I have been seeing a psychiatrist, who specializes in pain management. She has prescribed medications specifically for me and has adjusted my medications, as needed, since January 1997.

Currently I am taking 200mgs of Carbemazepine (generic of Tegretol) in the morning and 400mgs of Carbemazepine before bedtime.

She has also prescribed Amitriptyline (generic of Elavil) for me. I am currently taking 100mgs of Amitriptyline. I have actually been taking Amitriptyline ever since 1975. I have written about my first experience with Amitriptyline on the Adhesions Quilt (at the top of this webpage).

At my very first appointment with her, she wrote a prescription for me to have blood drawn so that she would know what my blood level of Amitriptyline was. This vial of blood was then sent away to be evaluated. When the results of my blood level came back, my blood level was at a toxic level!! It was 525mgs!! It should have been between 100-150mgs. Then my psychiatrist had to slowly wean me off of that extremely high level until my blood level was brought down to 100mgs.

My psychiatrist periodically has my blood levels of Carbemazepine and Amitriptyline checked; because both of these medications are considered to be "high risk medications". Why are they considered to be "high risk medications"? Too much of either or both medications could be toxic to and cause harm to my liver.

What has made it even more difficult to live with chronic unrelenting pain is my discovery in 1984 that my entire life had been affected as a result of the alcoholism of my father. I discovered that I am an Adult Child of the Alcoholic (ACOA)!! From a very early age I had learned unhelpful ways in which to cope in an alcoholic home - "don't talk, don't trust, don't feel".

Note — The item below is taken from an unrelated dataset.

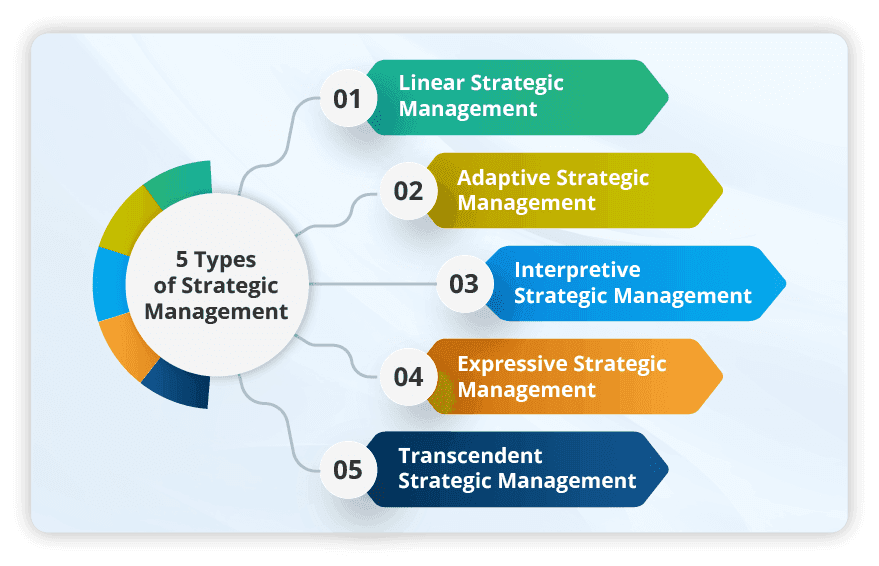 5-Types-of-Strategic-Management-LTS-Data-Point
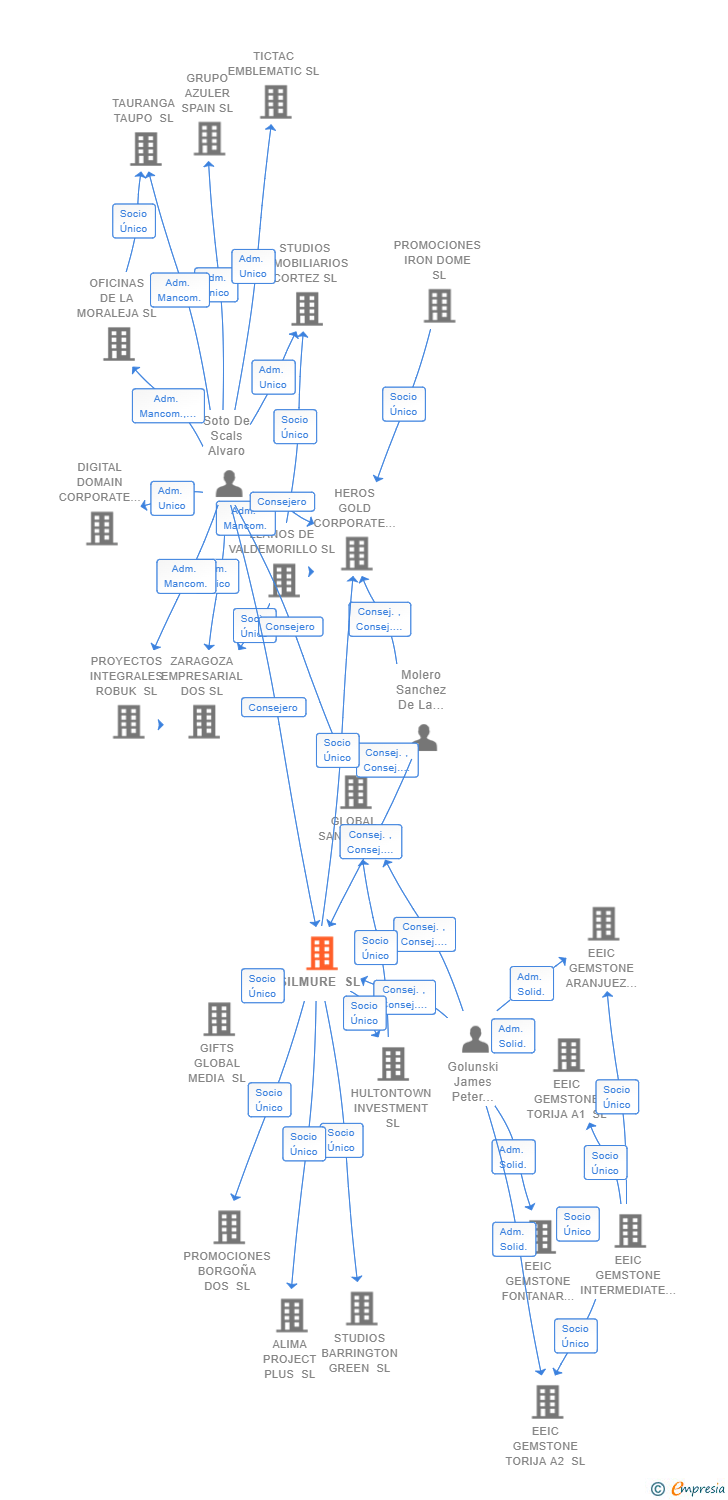 Vinculaciones societarias de SILMURE SL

I have also been seeing a psychologist for talk therapy since January 1997. I am given the chance to talk about how chronic pain has and is affecting my life. She has helped me to develop a trusting relationship with her so that I feel comfortable as I tell her about how both alcoholism and chronic pain have affected and are affecting my life. She guides me, as needed, so that I am able to share my feelings with her; which, in turn, helps me to be able to share my feelings away from the therapeutic setting.

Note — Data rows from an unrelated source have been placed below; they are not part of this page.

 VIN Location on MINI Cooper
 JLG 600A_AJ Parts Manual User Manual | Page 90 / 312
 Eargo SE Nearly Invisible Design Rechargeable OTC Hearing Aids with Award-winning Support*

I have felt especially blessed by these two therapists, who are both women. Both my psychiatist and psychologist are located within the same facility; so they are easily able to communicate with each other about my situation. These two professionals, working together, is similar to multidisciplinary pain management. I don't think that I would be able to share so openly - if either or both therapists were male.

My very first appointment with my psychiatrist was for 1 hour. Gradually these appointments have been cut back so that currently my appointments with her are only for 15 minutes; and currently my appointments are spaced 4 months apart. As long as I am doing okay with the medication I am taking - and as long as there are no traumatic events in my life which could affect my pain level - I am doing okay for now. I am not pain-free; but I can function pretty well with the medications I am now taking.

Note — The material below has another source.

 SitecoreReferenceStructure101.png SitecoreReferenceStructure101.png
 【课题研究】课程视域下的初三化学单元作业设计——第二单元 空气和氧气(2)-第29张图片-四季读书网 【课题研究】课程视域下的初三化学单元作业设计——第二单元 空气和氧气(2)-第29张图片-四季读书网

I have mentioned this previously - and I will mention it again. I know that I am benefiting pain-wise by the use of "distraction". What is distraction? Distraction is a psychological technique in which a person keeps their mind so busy that pain messages are blocked from reaching the brain. I have already mentioned on this forum that I am a firm believer in the *mind-body connection*. Distraction is an example of the *mind-body connection* at work.

How do I use the technique of distraction in my daily life? The best example, which I can give, is that I do whatever is necessary to draw attention away from myself. My involvement with the International Adhesions Society is perhaps the best example of how I use distraction. In response to having seen my story [which I originally posted at] entered on the various search engines of the Internet, I made a decision to share my research with anyone and everyone who wrote to me for this information. This has really kept me busy! This has taken the focus off from myself and also takes the focus off from the pain I live with daily.

I have truly been blessed in that I have heard from people from all over the world. I have learned so much from this experience!! By involving myself in the lives of other people in a helpful way - this helps to block pain messages from reaching my brain. This distraction is not a conscious effort on my part - it happens automatically! This is an example distraction at work - a psychological technique which I have used perhaps all of my life - but I did not know that there was a name for it. DISTRACTION does work!!